Just in time they round up a middle class young man with rather unfortunate hair asking him what makes Delhi men so aggressive. The chap, apparently a comedian ineptly tries to blame it on the punishing summer heat, the migrants, even the butter chicken. They even ask him why all the “local” a.k.a poor people are staring at them. Errr…cos you got cameras following you, you are attractive women wearing shorts in a very crowded sweaty market, you are clearly talking about them, should I go on? They spend the next 5 minutes on the great jelebees they are scoffing. They take this young man through the crowded market, wall to wall bodies, in an attempt to show him the groping they encounter or for him to encounter it for himself. But in true fashion the burly guy pushes through the crowd, leaving his two charges behind and emerges on the other side of the throng waiting for the girls to appear. No groping, no bodies pressed up against you, just floating through the crowd.
It’s night time now, there’s bound to be male aggression round the corner so the girls head for a popular bar coercing a few more young men in to answering their burning question. There’s a smattering of suggestions, the most prominent being the Delhi male’s propensity to show off who his daddy is. Of course, he has no credentials of his own and has to rely on his father’s achievements ‘cos his own would amount to squat. I wonder whether the poor migrant labourer from UP says the same thing to his Bihari counterpart as they argue for a warm spot on the pavement. Anyway, it was all the woes of an upper middle class. They didn’t mention Delhi’s superficiality probably because they are swimming in it, they are it. The “discussion” is then peppered with some comments on the bar they are in and the food served. There’s even some maladroit dancing. That’s what makes Delhi men aggressive – their inability to move and be sexual attractive at the same time.
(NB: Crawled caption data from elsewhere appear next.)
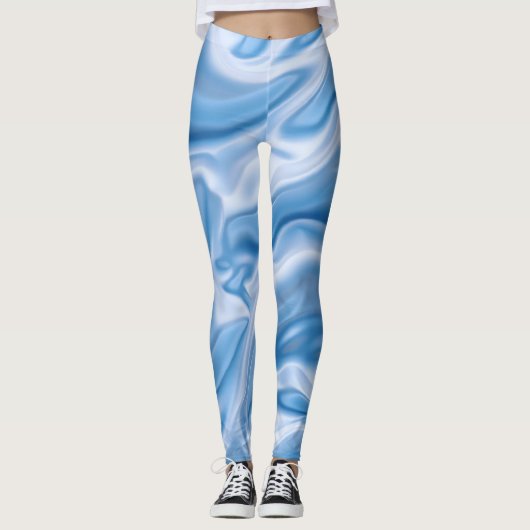 Blauw Zee Leggings (Voorkant)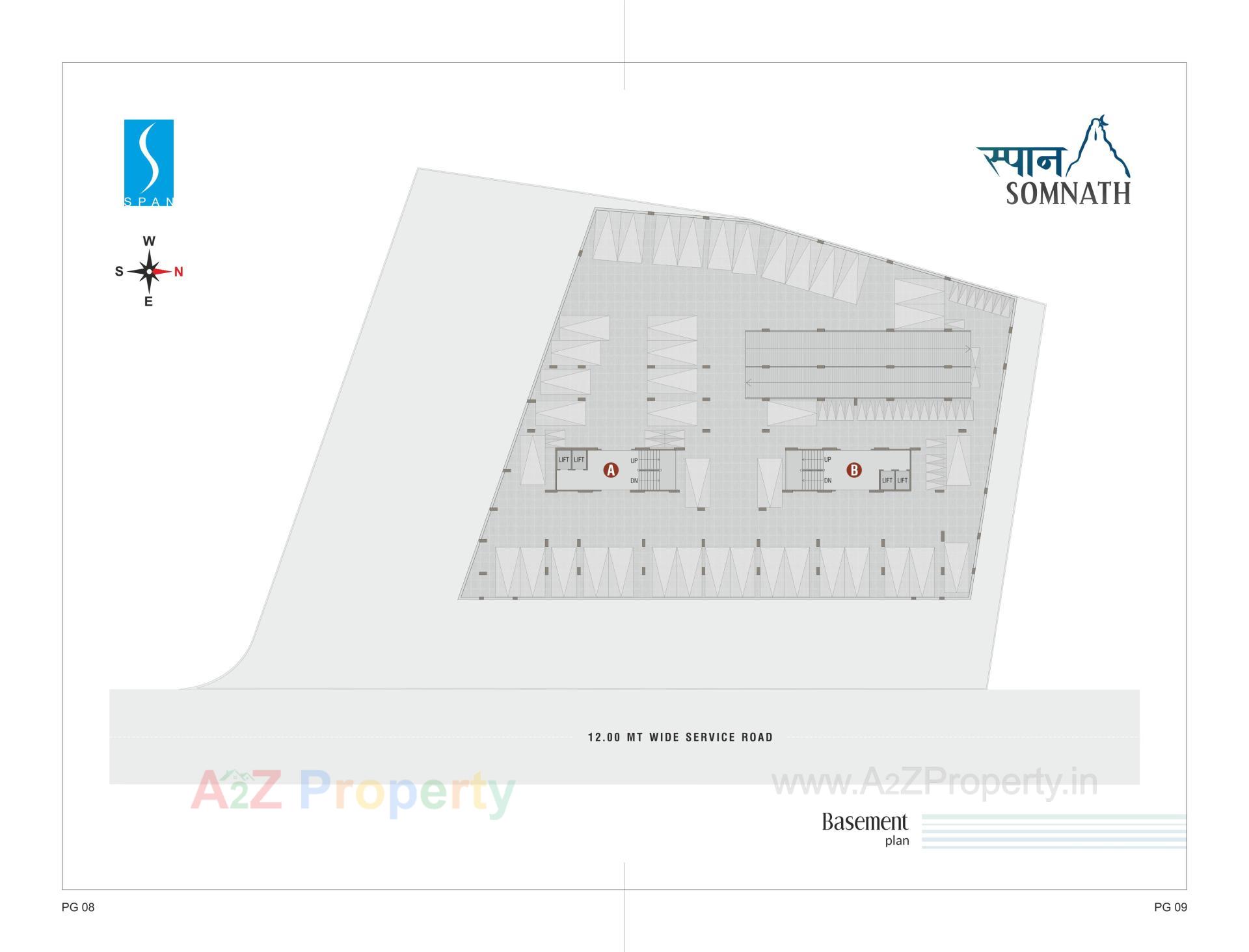 Layout of real estate project Span Somnath located at Randheja, Gandhinagar, Gujarat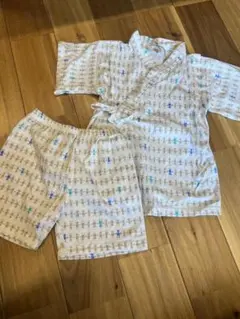 新品未使用♡100〜110き位♡甚平♡イエローフェイス♡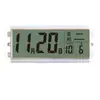 Calendario Electrónico de LCD, Reloj con Pantalla de LCD, Pintura Decorativa, Calendario Perpetuo, Reloj de Pared, Temperatura, Semana, Accesorios, Pantalla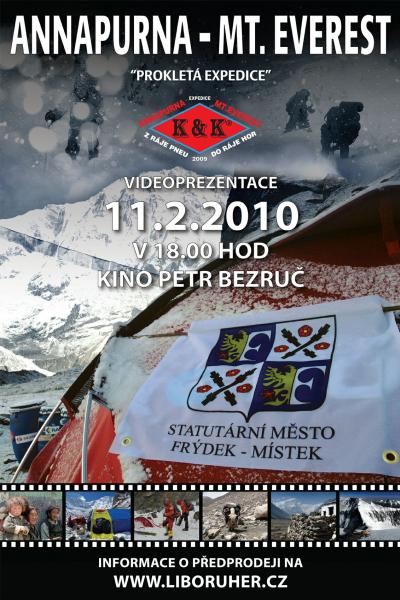 Libor Uher zve na videoprezentaci o výstupu na nejvyšší horu světa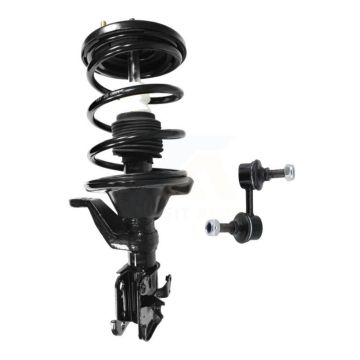 Front Right Complete Shock Assembly And TQ Link Kit For Honda Civic Acura EL KSS-104958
But I think what really gets to me is the jerky camera movement, the fast forward, speeded up shots and split screens. All this rolling and pitching is making me want to puke. I guess this is supposed to be “edgy”. Frankly, it’s pretentious, unnecessary. It only works on NYPD Blue. Did they not have enough footage, enough substance that they had scramble my mind in order to make this seem like a well spent half hour? I understand they wanted to make a fun show and the catchy theme song is the most fun thing they’ve got; played to the death of course in parts during the show. But they could have interviewed some of the best sociologists/anthropologists India has to offer who are all perched in DU and South Campus. They could have made that fun too. There’s no hidden camera work actually showing Delhi men in their element. You can’t just go out and ask the question, you have to ask around the question, explore all it’s tributaries, looking at the culture around you. They’ve not even spoken to regular people on the street. It’s just the two hosts talking, reading the script.
One of the two women, the shorter plumper one has a natural flair for the camera and a spontaneous humour, even though scripted, she pulls it off well. The leggy one thinks she’s so hot. She’s not. This show should have been called, ‘What’s up with these two annoying stupid women who have ruined my scarce relaxation time?’. Instead they lose the plot and the perfectly good concept for the show leads no where. They even end the show saying they have no idea why Delhi men are aggressive and will have to come back here to find out. Please no! I can’t spend another half hour on this. Give me my life back.